The whole cup collection would make a fabulous wedding gift for some lucky couple. Or, as a housewarming gift (hint). All I know is, we need a lot of coffee around here. When we realized that we hadn't moved with a coffee maker, and we would be exactly one morning without immediate coffee, our daughter said, "Uh oh. I'm not talking to either one of you tomorrow morning." From the mouths of babes, indeed.

Find all the cups at No Slip Til Brooklyn.

Tuesday, May 22, 2012

The Change Up of the New Toad Abode

This paint job must die.
As I've written before on this blog, we moved to a smaller, modernist space in a much hillier part of town.
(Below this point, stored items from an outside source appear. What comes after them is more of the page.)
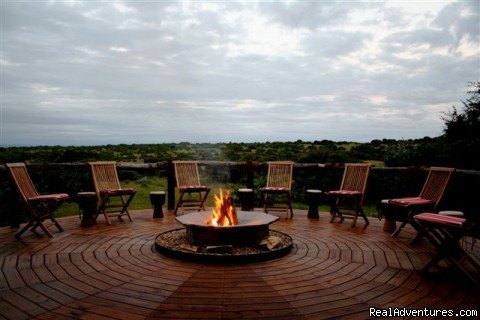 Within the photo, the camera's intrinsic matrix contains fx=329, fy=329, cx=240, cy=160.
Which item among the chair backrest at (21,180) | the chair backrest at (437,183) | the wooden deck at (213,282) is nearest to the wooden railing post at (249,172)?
the wooden deck at (213,282)

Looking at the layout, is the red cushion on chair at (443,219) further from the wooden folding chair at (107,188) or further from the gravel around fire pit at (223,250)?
the wooden folding chair at (107,188)

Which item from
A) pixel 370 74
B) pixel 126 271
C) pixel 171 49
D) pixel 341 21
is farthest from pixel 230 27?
pixel 126 271

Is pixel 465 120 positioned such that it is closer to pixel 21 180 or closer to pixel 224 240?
pixel 224 240

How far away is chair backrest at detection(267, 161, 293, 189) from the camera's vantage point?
266 inches

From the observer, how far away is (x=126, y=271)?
11.0 feet

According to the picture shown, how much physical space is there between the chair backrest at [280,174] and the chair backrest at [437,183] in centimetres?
245

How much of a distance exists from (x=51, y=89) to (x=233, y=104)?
8277 millimetres

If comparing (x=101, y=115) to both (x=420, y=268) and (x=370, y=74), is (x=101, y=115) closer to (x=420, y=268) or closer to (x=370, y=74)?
(x=370, y=74)

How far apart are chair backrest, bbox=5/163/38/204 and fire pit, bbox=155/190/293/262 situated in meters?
2.13

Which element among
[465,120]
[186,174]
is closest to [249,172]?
[186,174]

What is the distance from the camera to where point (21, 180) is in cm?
493

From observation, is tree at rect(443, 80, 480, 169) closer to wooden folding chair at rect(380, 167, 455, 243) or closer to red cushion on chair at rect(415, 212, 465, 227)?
wooden folding chair at rect(380, 167, 455, 243)

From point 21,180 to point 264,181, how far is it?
871cm

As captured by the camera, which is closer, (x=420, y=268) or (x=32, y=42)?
(x=420, y=268) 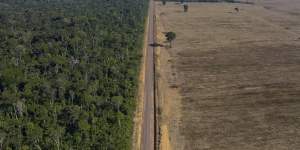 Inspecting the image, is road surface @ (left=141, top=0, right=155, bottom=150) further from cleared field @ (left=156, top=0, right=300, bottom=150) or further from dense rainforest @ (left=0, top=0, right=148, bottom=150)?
dense rainforest @ (left=0, top=0, right=148, bottom=150)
There's been adjustment (cat pee on Missoni shams, anyone?), but since the nightmarish colossal move (seriously, just throw out everything you own now and save yourself a ton of work) it's been pretty smooth sailing. Except, perhaps, for the ugly factor.

This ugly factor is best illustrated in the pictures of my new living room/loft, which look like the Lakers had a party and left their color scheme behind. I'm convinced that this marigold yellow and deep purple paint job in the main living area is the reason we got such a great deal; literally no one could stand to be in the room for any length of time. Add the bilious green kitchen and bath into the mix, and the house of many colors starts to pulse into your brain (they say that yellow creates anxiety, and now I'm inclined to believe it.

It could be cool... but not yet.
I have the almond bowl. Peanuts work, too.
So, I've decided to follow in the grand tradition of design blogs like Remodelista and Apartment Therapy and post my own "Before and After" series. Is this really gift oriented? Well, you might not think so at first, but have no fear: I'm still editing and scouting and repurposing things, so there's plenty of products to croak about. I've already transformed an Areaware bowl from a purely decorative piece on my old mantel into a beautiful resting place for keys upon entry. Not bad.

So enjoy these heinous "Before" pictures. Be grateful you're not living in my kaleidoscope world. And prepare to be amazed (or at least not disgusted) by the transformation.

There was a disco ball and laser light apparatus too. Party down!
By the way, those are indeed blue lightbulbs burning inside those Ikea paper lanterns in the living room. Just another aspect of the former owner's design sense that makes me ponder, "WTF???"